The models with * are ported from the repo [UniFormerV2](https://github.com/OpenGVLab/UniFormerV2/blob/main/MODEL_ZOO.md) and tested on our data. Due to computational limitations, we only support reliable training config for base model (i.e. UniFormerV2-B/16).

1. The values in columns named after "reference" are the results of the original repo.
2. The values in `top1/5 acc` is tested on the same data list as the original repo, and the label map is provided by [UniFormerV2](https://drive.google.com/drive/folders/17VB-XdF3Kfr9ORmnGyXCxTMs86n0L4QL).
3. The values in columns named after "mm-Kinetics" are the testing results on the Kinetics dataset held by MMAction2, which is also used by other models in MMAction2. Due to the differences between various versions of Kinetics dataset, there is a little gap between `top1/5 acc` and `mm-Kinetics top1/5 acc`. For a fair comparison with other models, we report both results here.
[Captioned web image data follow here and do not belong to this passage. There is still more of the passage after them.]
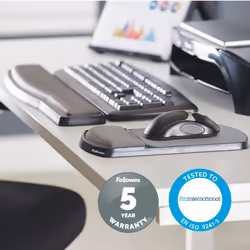 Fellowes Keyboard Wrist Rest - Premium Gel Wrist Rest with Non Skid Rubber Base - Adjustable Ergonomic Wrist Support for Computer, Laptop, Home Office Use - Black - Additional view 5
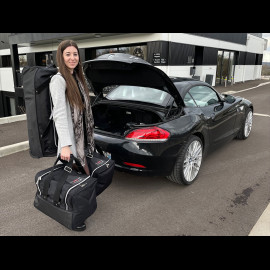 Luggage set for BMW Z4 2002-2019 Custom fit black fabric - Wheeled trolley plus carrier bag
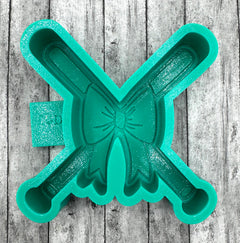 Baseball Bats with Bow Freshie Silicone Mold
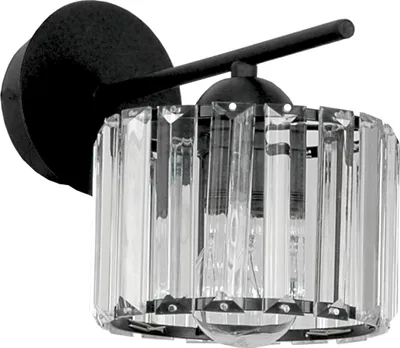 Obrázok produktu pre Čierne Nástenné Svetlo, Sklenená Kristálová Lampá 15-103 Apulla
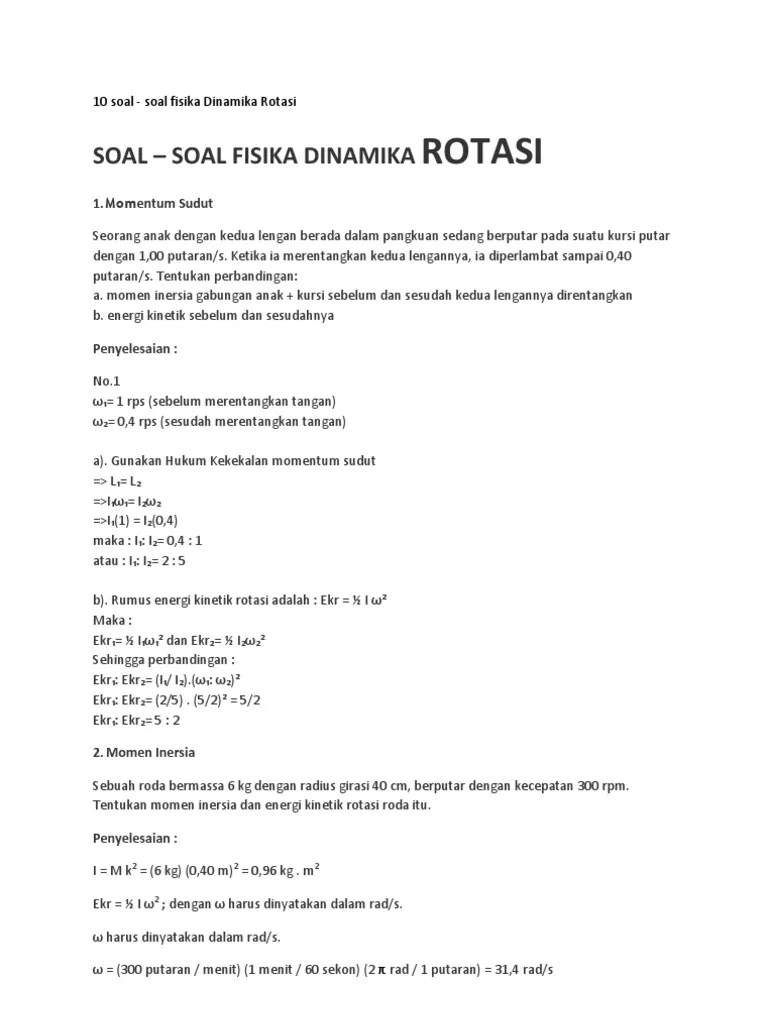 32+ Contoh Soal Tentang Dinamika Rotasi - Contoh Soal Terbaru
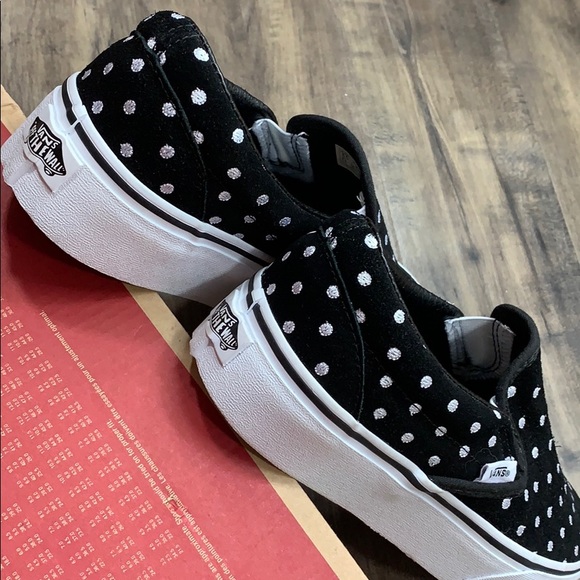 ••VANS CLASSIC SLIP ON Platform Suede Polka Dot WM - Picture 5 of 16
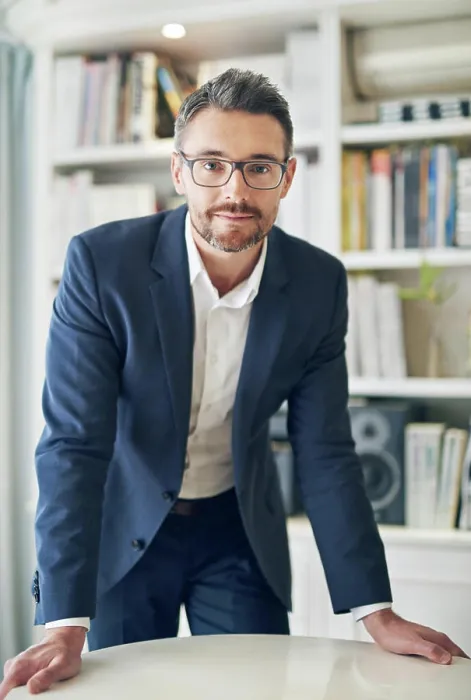 Framed Print : Portrait, serious and business man on desk in office for career or job in Canada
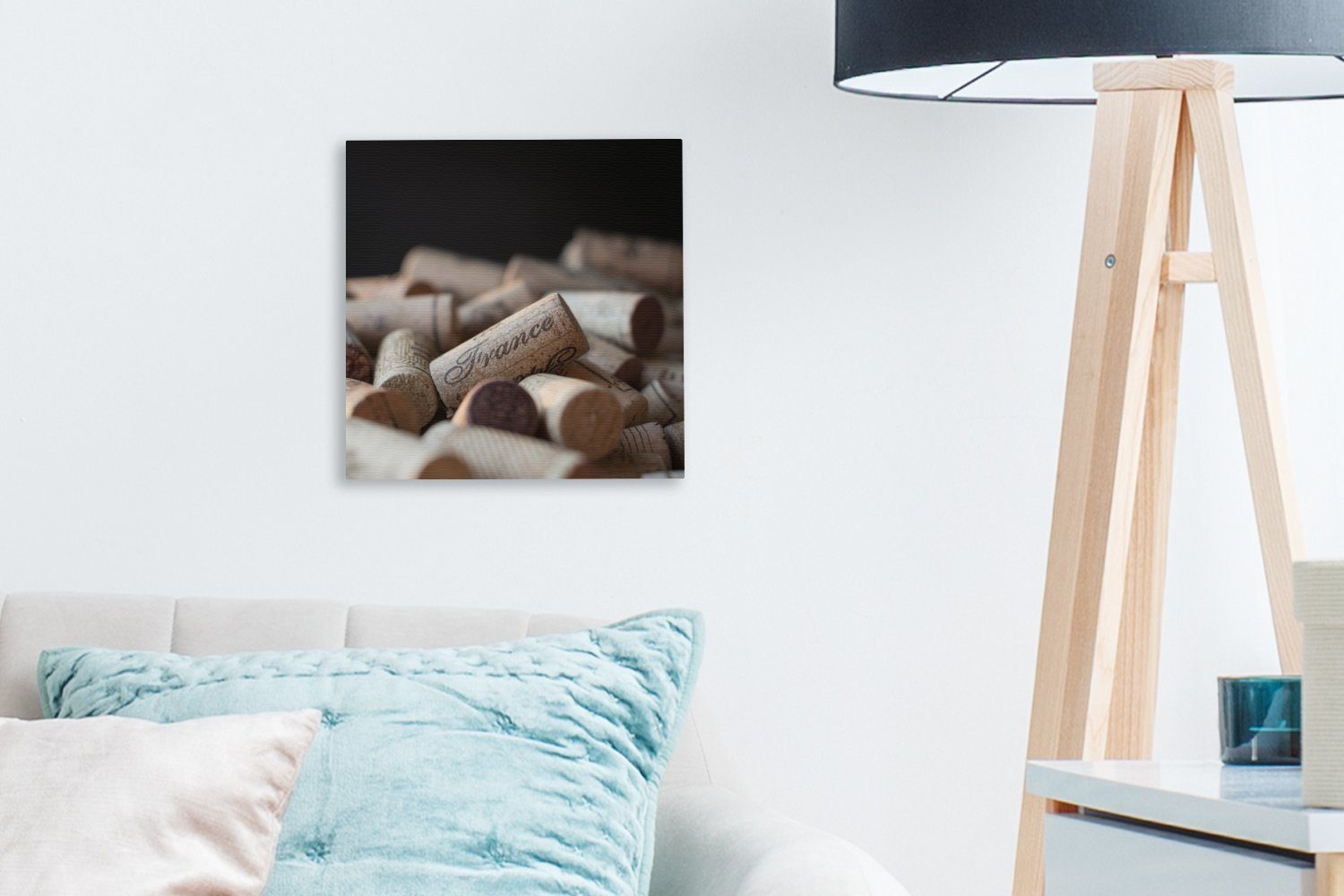 (1 vor Wohnzimmer Schlafzimmer St), Leinwand Bilder für Leinwandbild OneMillionCanvasses® Korken schwarzen Hintergrund, einem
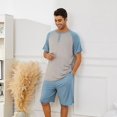 thumbnail image 2 of Vulcanodon Mens Pajama Set, Bamboo Lightweight Short Sleepwear for Men(Light Grey+Grey Blue,Small), 2 of 6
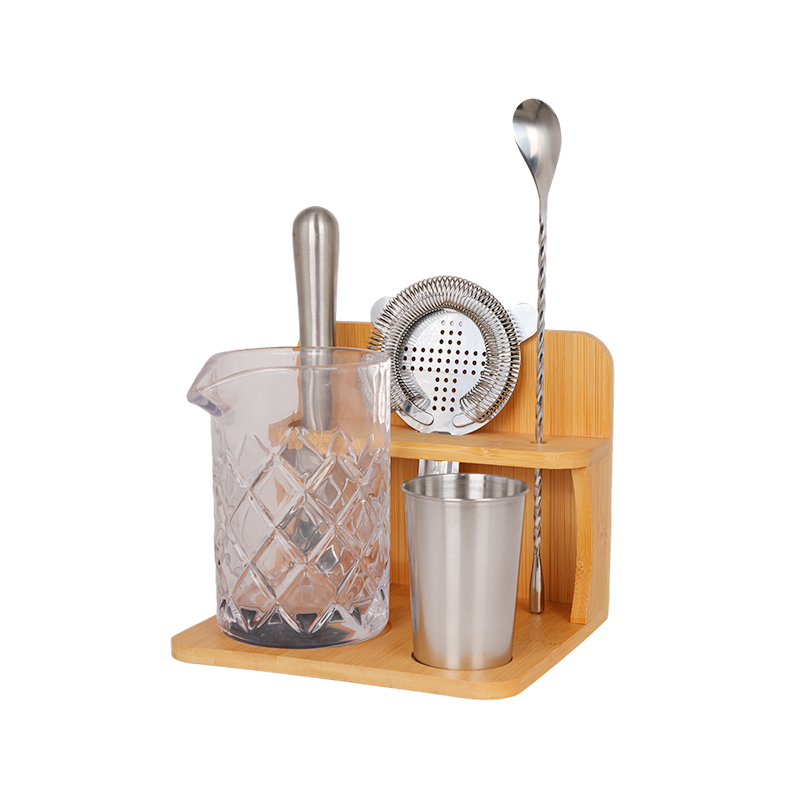 6-Piece Cocktail Glasses Set with Bamboo Stand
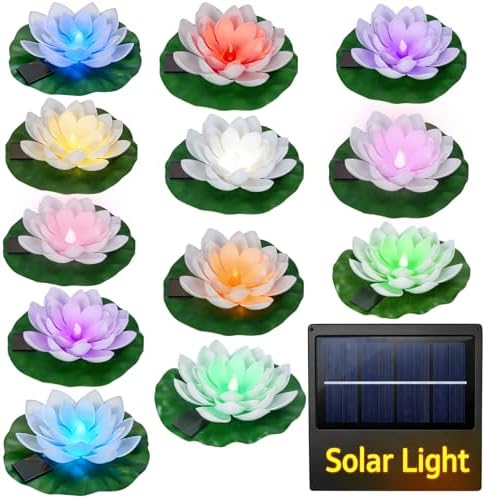 12 PCS Floating Lotus Flower Solar Pool Lights with Lily Pads (Multicolor) by MHMJON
Note that we simply report the inference results, since the training set is different between UniFormer and other models, the results are lower than that tested on the author's version.
4. Since the original models for Kinetics-400/600/700 adopt different [label file](https://drive.google.com/drive/folders/17VB-XdF3Kfr9ORmnGyXCxTMs86n0L4QL), we simply map the weight according to the label name. New label map for Kinetics-400/600/700 can be found [here](https://github.com/open-mmlab/mmaction2/tree/dev-1.x/tools/data/kinetics).
5. Due to some differences between [SlowFast](https://github.com/facebookresearch/SlowFast) and MMAction2, there are some gaps between their performances.
6. Kinetics-710 is used for pretraining, which helps improve the performance on other datasets efficiently. You can find more details in the [paper](https://arxiv.org/abs/2211.09552).

For more details on data preparation, you can refer to

- [preparing_kinetics](/tools/data/kinetics/README.md)
- [preparing_mit](/tools/data/mit/README.md)

## Test

You can use the following command to test a model.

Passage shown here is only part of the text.